FOR any other fighter coming off a first professional loss, any win would have sufficed. However, for Lawrence Okolie, a man who has made a habit of winning fights but losing fans, there was never any question as to what he needed from tonight’s (May 24) WBC bridgerweight title challenge in Poland. The truth is, he needed to do more than just beat Lucasz Rozanski, the champion, in order to breathe life into his career again. He needed to beat him in a manner that stood out and caught the eye. He needed to make a statement.

This was all part of the plan going in, something to which Okolie alluded when speaking to Boxing News on Tuesday evening. He then confirmed the details of the plan just hours before the fight when claiming his target – that is, his ideal result – would be a first-round stoppage, ensuring both a quick night and a return to the power-punching exploits of old.

That he was able to go on and secure this ideal result, halting Rozanski at the 2:55 mark of round one after dropping him three times, speaks volumes. It is a testament not only to Okolie’s self-belief – something that no doubt needed repairing after losing his WBO cruiserweight title last year – but also his punch power, which, in truth, has never really been in doubt. Certainly, on the evidence tonight, Rozanski had never been hit quite as hard or as accurately; the look on his face following the first Okolie right hand a dead giveaway. He complained along the way that some right hands were landing around the back of the head, yet the reality is that Okolie was just too big, too long, too sharp and too precise with that particular shot: the right. When letting it go, he would invariably unsettle Rozanski, even in the first minute, and it wasn’t long in fact before the Pole was dropped to the canvas as a result of the sheer force of it. The first knockdown was clear, the second a little messier, while the third, undoubtedly the pick of the bunch, saw Okolie turn his straight right hand into an uppercut, piercing Rozanski’s guard and causing him to pretzel up along the bottom rope, his senses well and truly scrambled.

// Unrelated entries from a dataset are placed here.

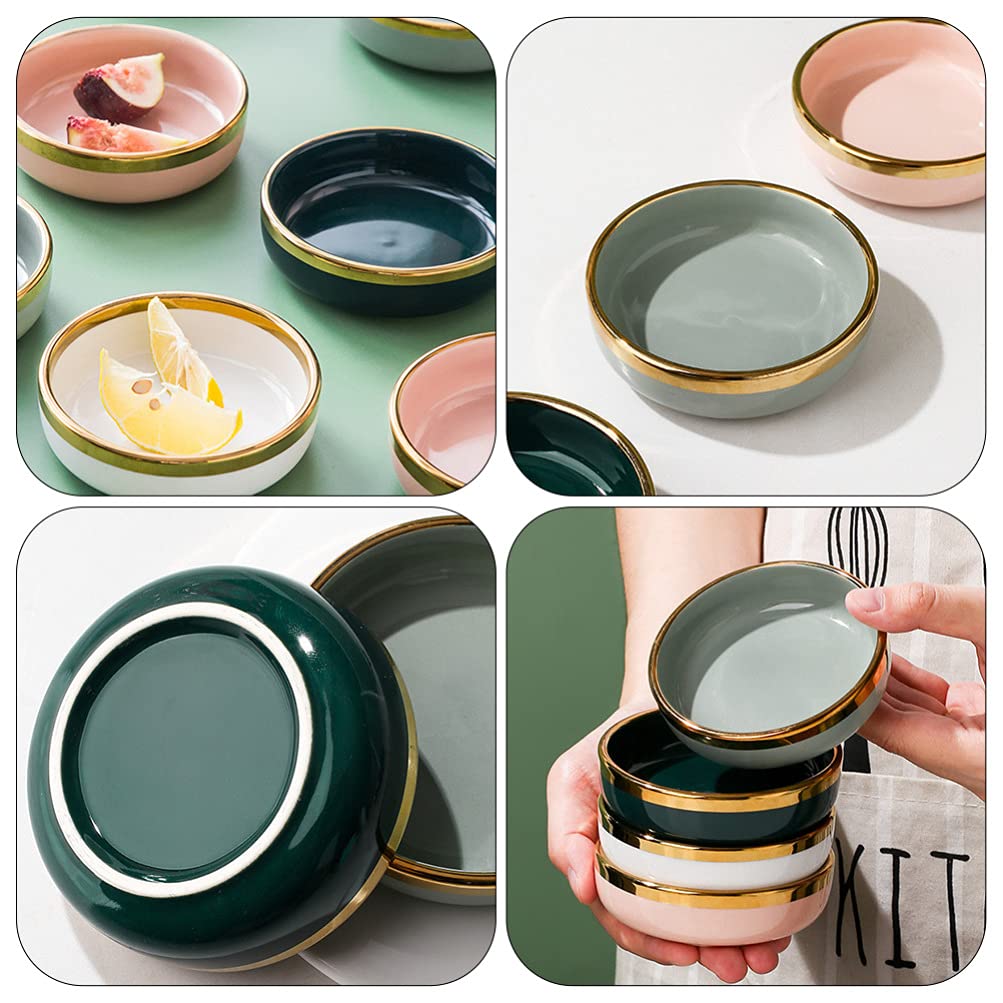 Hemoton 4-Piece Ceramic Sauce Bowls Set - Small Appetizer Plates for Dipping Sauces, Vinegar, Seasonings, Pickles - Perfect for Kitchen, Dining Table, Party Snacks & Entertaining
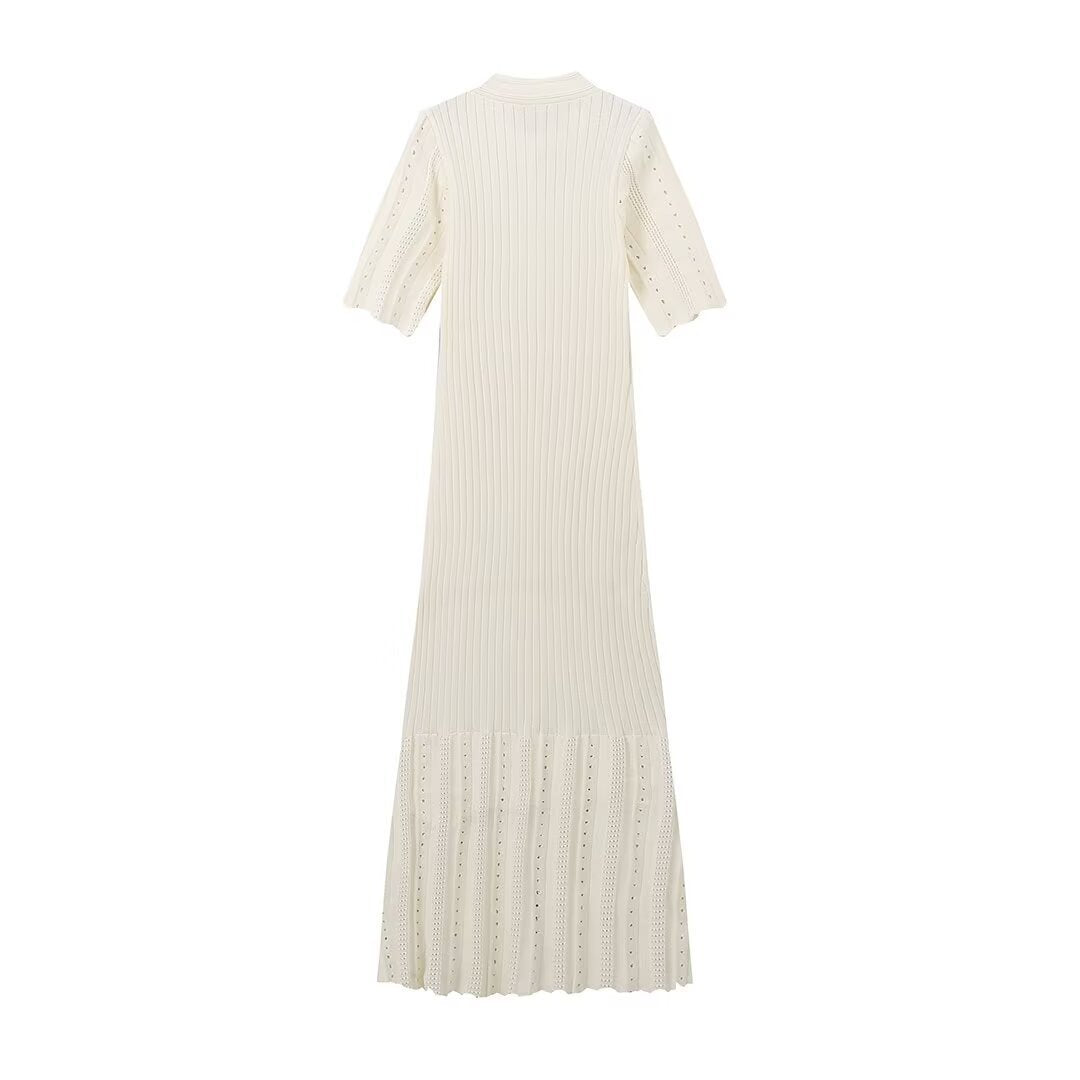 Short-sleeved Knitted Dress with Stylish Slit Design for Every Occasion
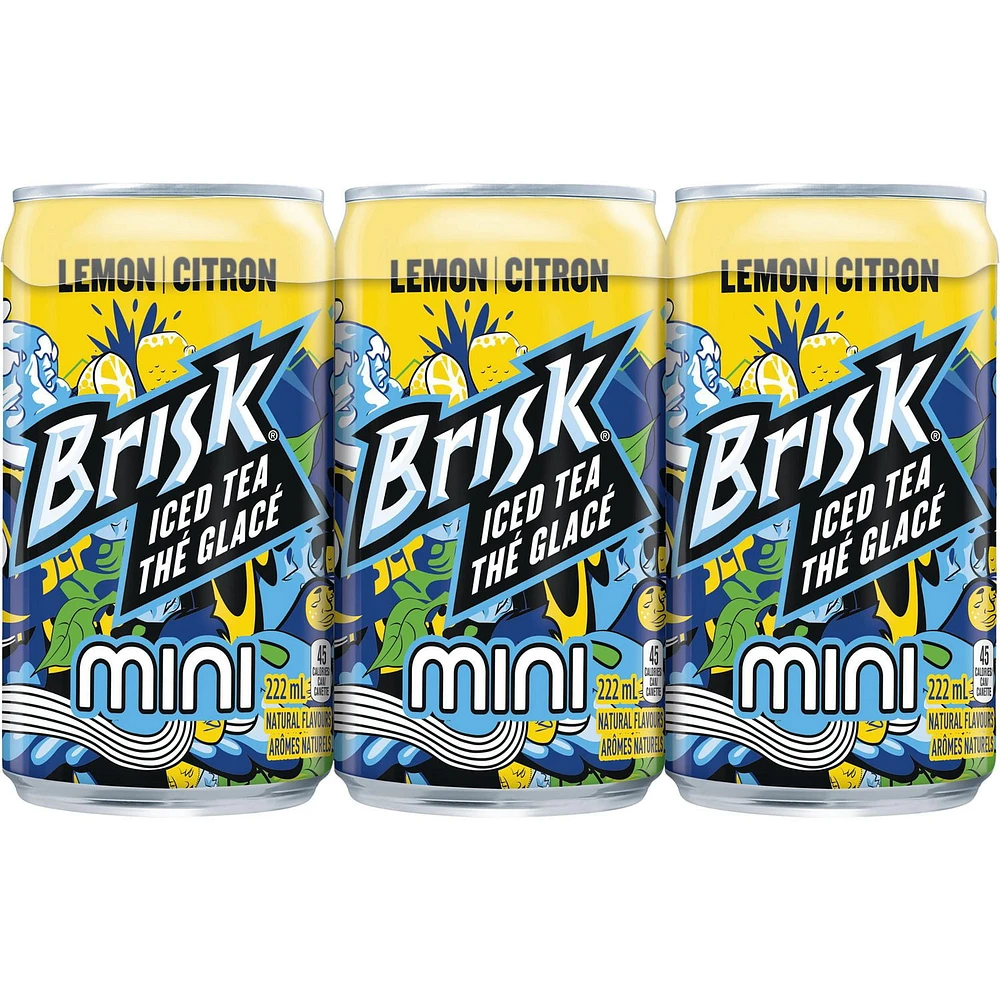 Brisk Lemon Iced Tea, 222mL Cans, 6 Pack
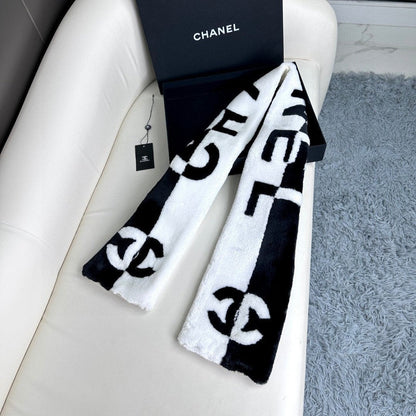 CC Scarf 120 CM In Black Mix White Fleece Wool 396432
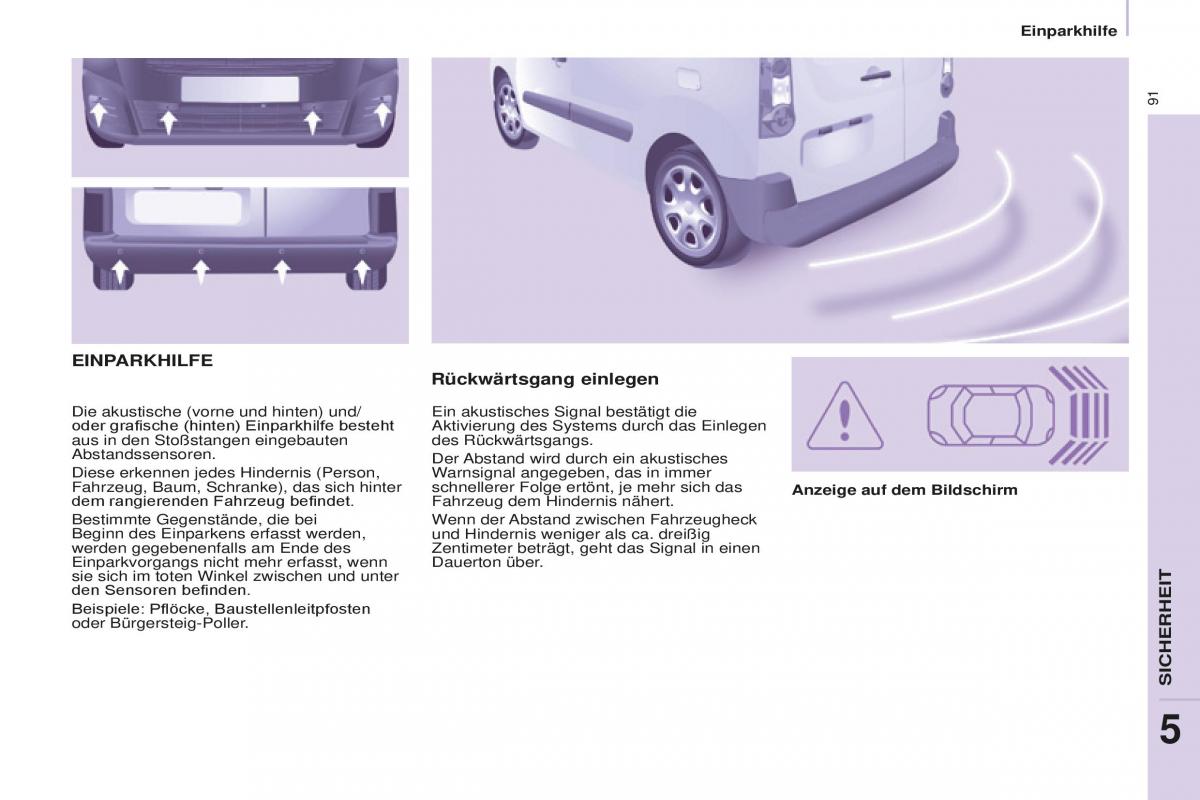 Peugeot Partner II 2 Handbuch / page 93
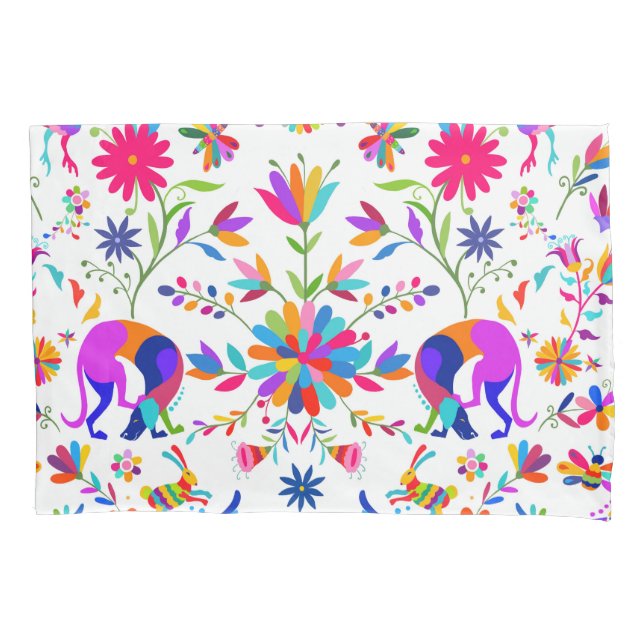 Weims, Rabbits, & Birds Otomi styled pattern  Pillowcase (Front)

He did, to his credit, manage to make it to his feet, Rozanski, but the referee, Daniel Van de Wiele, took one look into the champion’s eyes and realised the sensible decision now was to avoid the inevitable. Which is precisely what he did, waving the fight off inside three minutes.

Thirteen months ago, of course, the shoe was on the other foot, with Rozanski catching Allen Babic cold and forcing a first-round stoppage to win this very belt, the WBC bridgerweight crown. Tonight, however, he really had no answer for Okolie and it became clear rather quickly that Okolie is very much a level above the likes of Rozanski and Babic and that only the introduction of the bridgerweight weight class, sandwiched as it is between cruiserweight and heavyweight, would manage to produce a fight like this; a mismatch masquerading as a world title fight.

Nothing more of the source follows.